====== RAW DATA

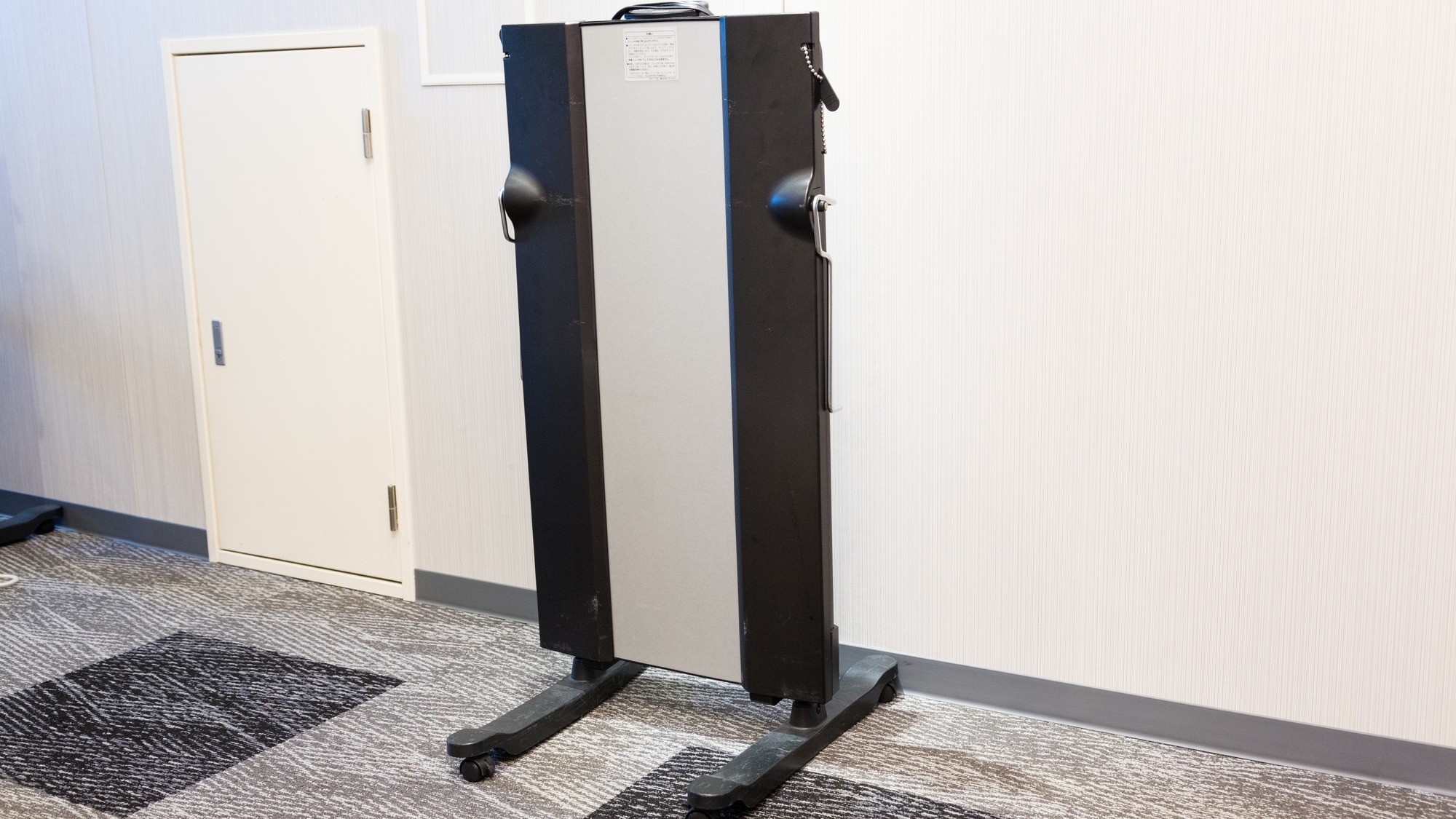 各フロア：ズボンプレッサー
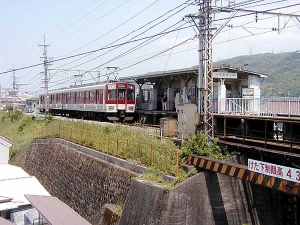 近鉄道明寺線柏原南口駅と電車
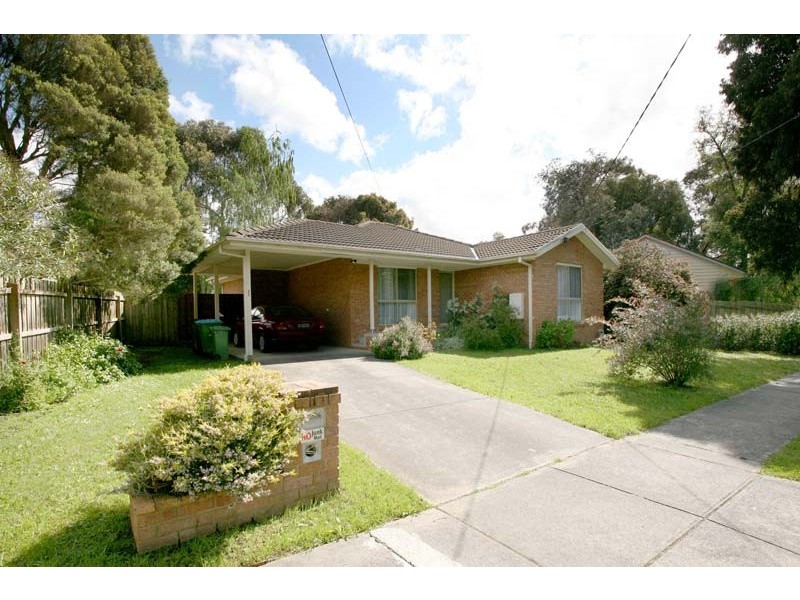 1 Bluemist Drive, Croydon South VIC 3136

============

The lines from the one holding "近鉄道明寺線柏原南口駅と電車" through the end of the material above are to be echoed exactly, both ends included. Do not include pictures.

 近鉄道明寺線柏原南口駅と電車
 1 Bluemist Drive, Croydon South VIC 3136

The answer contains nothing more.